Implementations shall behave as if these separate phases occur, even though many are typically folded together in practice. Source files, translation units and translated translation units need not necessarily be stored as files, nor need there be any one-to-one correspondence between these entities and any external representation. The description is conceptual only, and does not specify any particular implementation.

Rationale: I do not recall the specific motivation for adding this note, but it's certainly true, and it seems harmless.

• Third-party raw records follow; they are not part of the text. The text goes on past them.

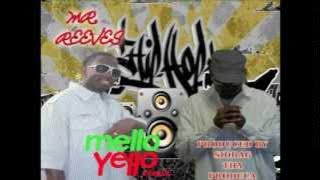 MELLO YELLO REMIX - MR. REEVES Produced by SIDRAG THA PRODUCA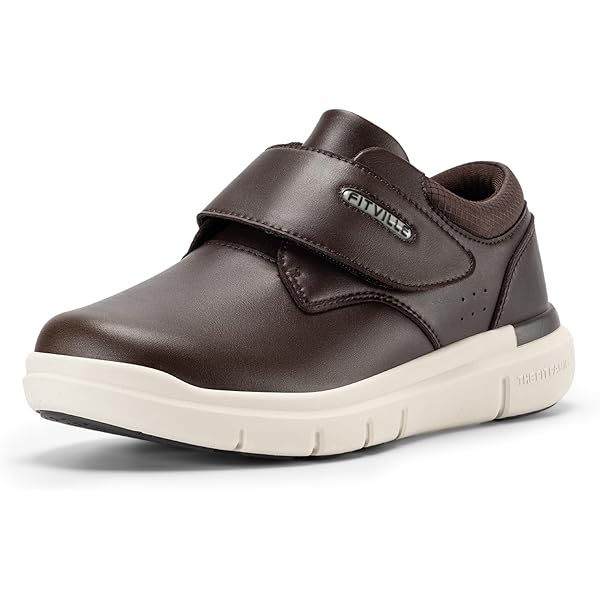 Anova Freizeitschuhe Herren Klettverschluss Orthopädische Sandalen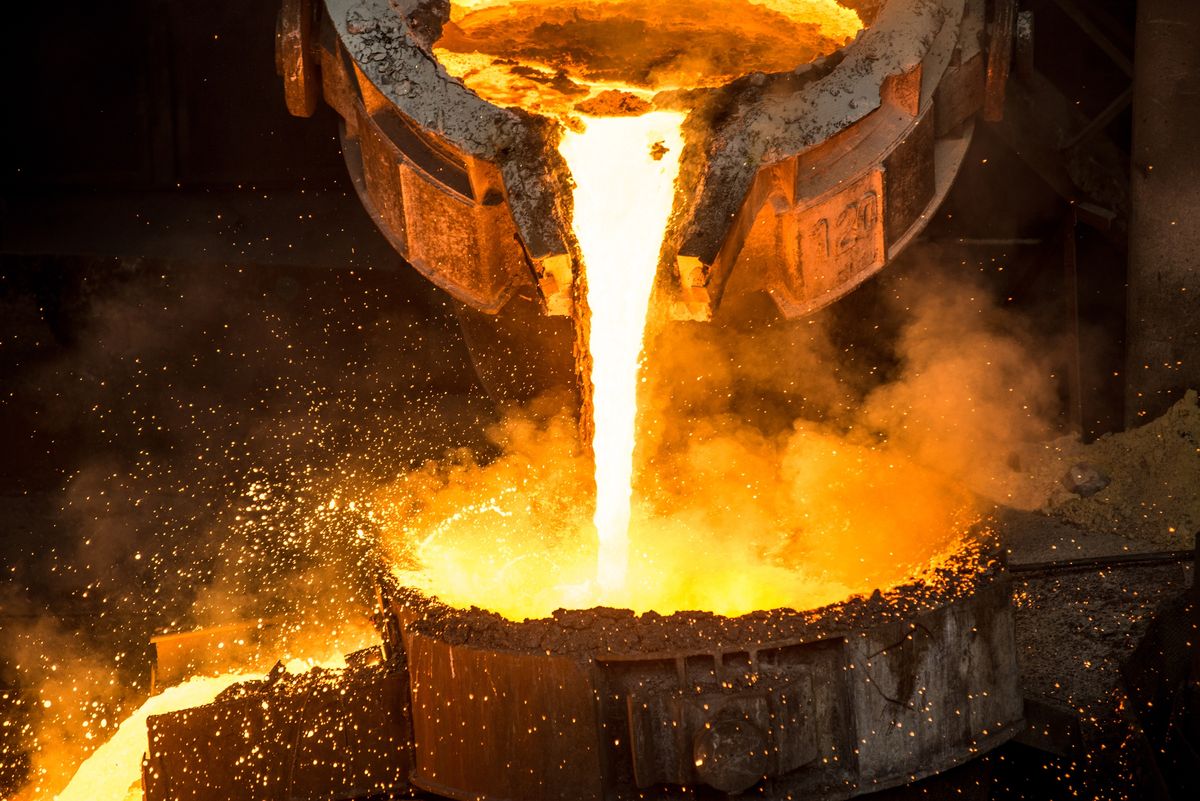 Physicist Claims To Have Worked Out How To Make Any Material Melt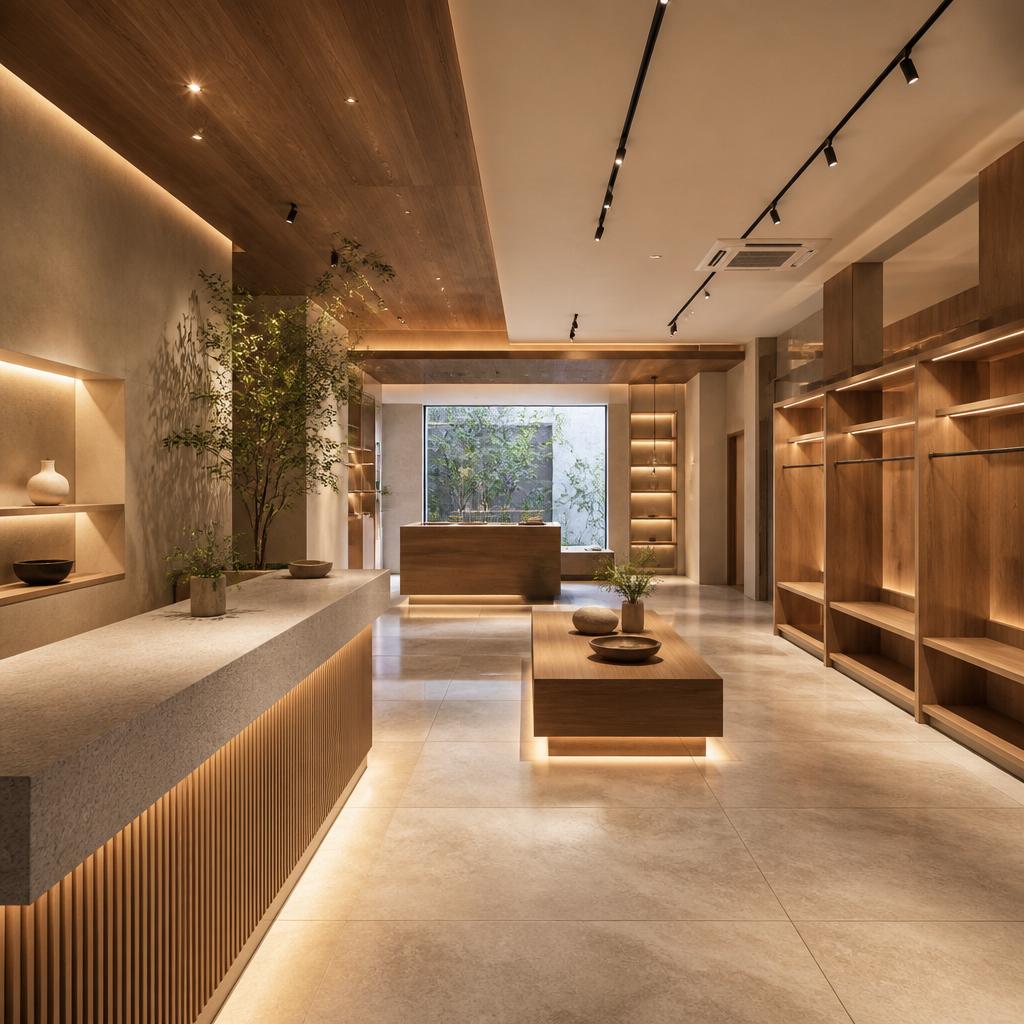 店舗の印象を一新！魅力的な空間を手に入れよう！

It should be noted that in the C++ standard, this text is an embedded non-normative note at the end of the description of phase 7 (parsing and semantic analysis). But the C standard does not have embedded notes, and the note is not actually specific to phase 7 (which talks principally about tokens, without even mentioning files). Adding the text to this footnote, which already points out an implication of the as-if rule for the phases of translation, would seem to be the ideal solution.
Change §5.2.1.1¶1:

~~All occurrences in a source file~~ Before any other processing takes place, each occurrence of one of the following sequences of three characters (called trigraph sequences¹²⁾) ~~are~~ is replaced with the corresponding single character.

Rationale: Obviously, "before any other processing" is already implied by the phases of translation, but it doesn't hurt to point out the implication here. And in general, a distributive description ("each" with singular) tends to be less ambiguous than a collective one ("all" with plural). The motivation for deleting the phrase "in a source file" is, as far as I can see, weak at best.
Add new example paragraph before §5.2.1.1¶2:
EXAMPLE 1:
```
??=define arraycheck(a,b) a??(b??) ??!??! b??(a??)
```
becomes
```
#define arraycheck(a,b) a[b] || b[a]
```
Rationale: The existing corner case example is a good one. For some reason it was removed from C++, and I will propose that it be restored. But in general there are very few cases where the only example presented is a corner case. If trigraphs make any sense at all, then perhaps it would make sense to present a more realistic example (possibly even more realistic than this example).